The Book of Strange New Things
On my honeymoon this summer, I often found myself wishing we could delay going to the beach or to dinner just a few more minutes so I could find out what happened next in this strange and lovely novel. At its start, a minister leaves the wife he loves deeply on Earth in order to go on a mysterious corporate-sponsored mission to space. There, he wrestles with how to translate his spirituality to a world where even the nature of consciousness is different than our own. Meanwhile, his wife, who thought he would be the one in danger, faces the prospect of apocalypse herself. It’s not a book written for the evangelical, or even for the religious; it’s intensely philosophical, gripping, beautiful, and romantic. A perfect honeymoon read, I suppose.
Acquired: as a wedding present from a friend at my MFA program. jd and I got so many books for our wedding that we still haven’t read them all yet. Our friends know us so well.

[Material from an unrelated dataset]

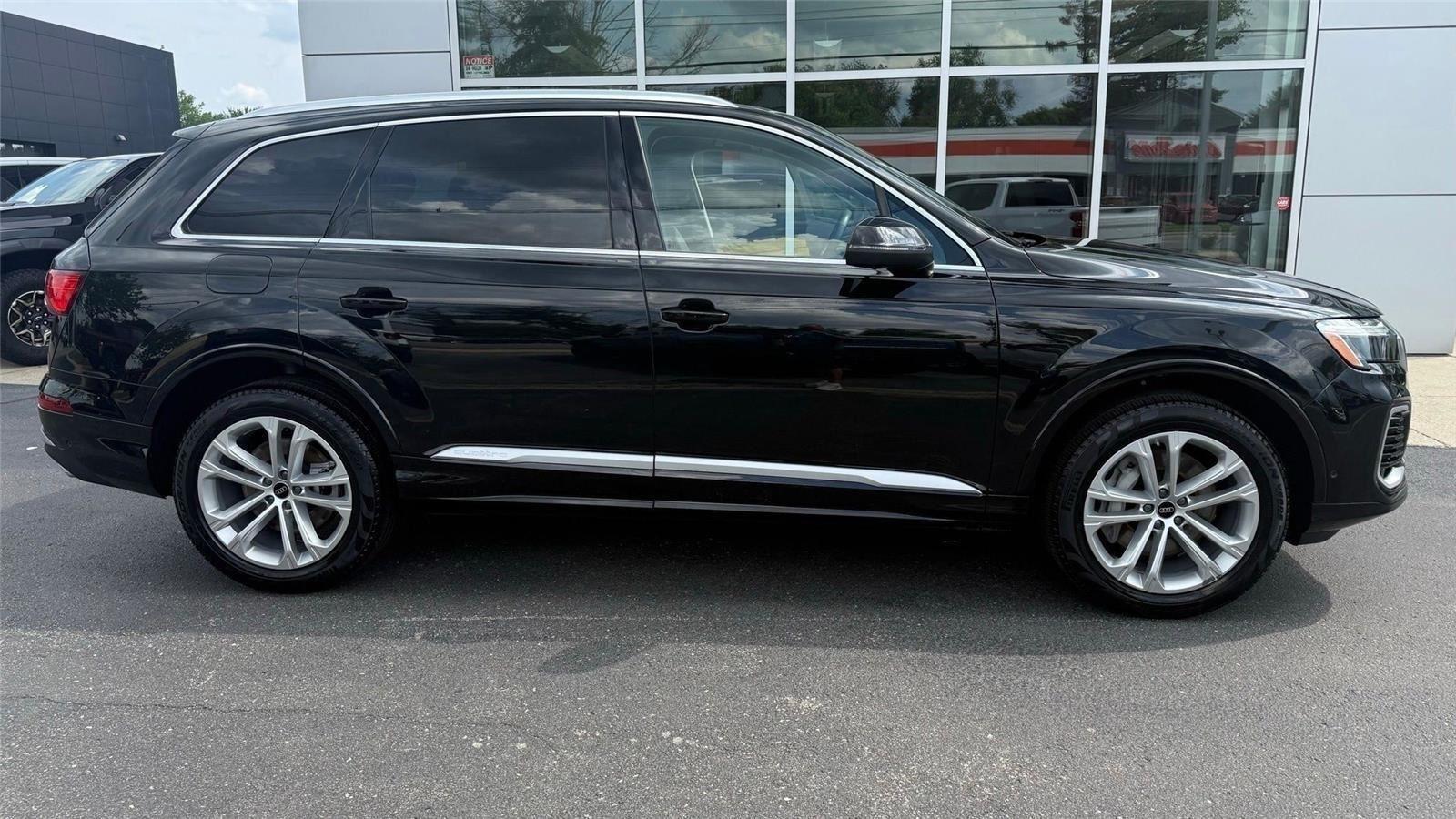 2025 Audi Q7 Premium Plus 55 TFSI quattro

I have just noticed that each book I chose was read in a different season. I read Common As Air this spring, The Book of Strange New Things in the summer. Bossypants was a fall read, and I remember sitting outside at a restaurant on a crisp evening, waiting for a friend, drinking a huge glass of white wine, and laughing hysterically as I read Bossypants while a group of neighbors hung out on the sidewalk nearby and stared curiously at me. I doubt that Tina Fey needs my endorsement for any readers to believe that she is hilarious, but in case there are any naysayers, here are some of her thoughts on Photoshop:
“a tragic reflection on the moral decay of our society… unless I need it, in which case, everybody be cool” @MsTinaFey on Photoshopping
— Adversion (@adversioned) September 26, 2015
Photoshop is just like makeup. When it’s done well it looks great, and when it’s overdone you look like a crazy asshole.” – Tina Fey, via Goodreads
Acquired: in my first annual Book Exchange with my college roommate, a tradition we belatedly established in imitation of another pair of roommates who lived down the hall from us freshman year.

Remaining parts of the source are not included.